The Accord Coupe cost less, could be optioned with a V6 engine and had more room inside.  No prizes for guessing which car was in much higher demand.

We had to massively discount those Preludes just to get rid of them.

 

  • Like 2
Posted

I had a 205/55/16 Michelin go bad on me about 6 months ago.It had done about 12000 miles,so not a total disaster.A section of the tread went S-shaped, which I've seen happen on them before.

 

Posted

Mercedes W210 purely for the fact you could hear them rusting when it rained. ?

Posted
4 minutes ago, Madman Of The People said:

I worked for a Honda dealer here in the US back in the late 1990's. We had several of the final Preludes gathering dust and bird poop on our lot which we couldn't shift to save our lives.

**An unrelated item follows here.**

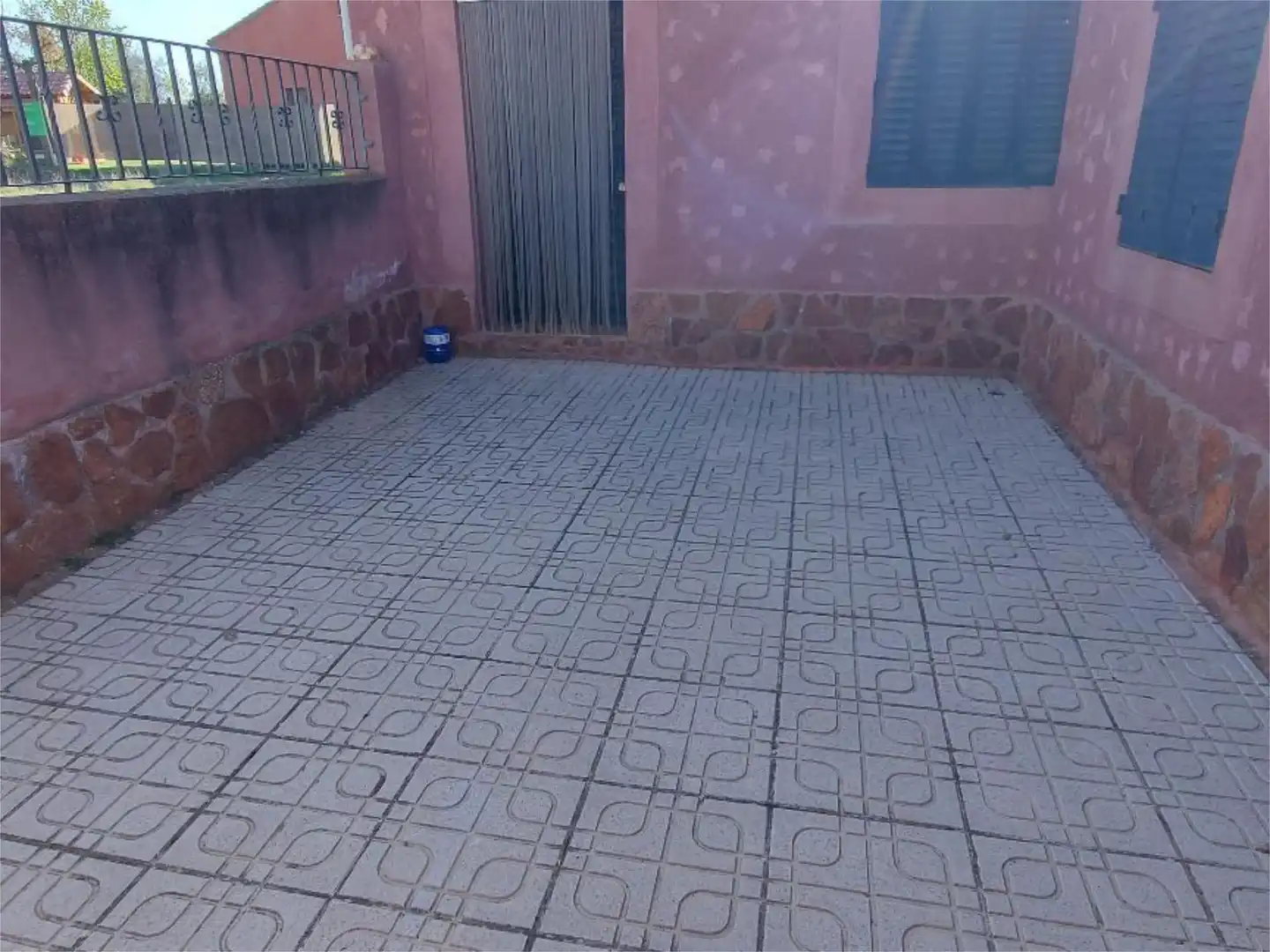 Casa o chalet en venta en Calle Corta, 2, Ribota Terraza de Casa o chalet en venta en Ribota con Calefacción, Jardín privado y Parquet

The Accord Coupe cost less, could be optioned with a V6 engine and had more room inside.  No prizes for guessing which car was in much higher demand.

We had to massively discount those Preludes just to get rid of them.

 

I did wonder why Honda made both the prelude & accord couple,  at one time they seemed to have a few odd gap filling models like the integra & aerodeck.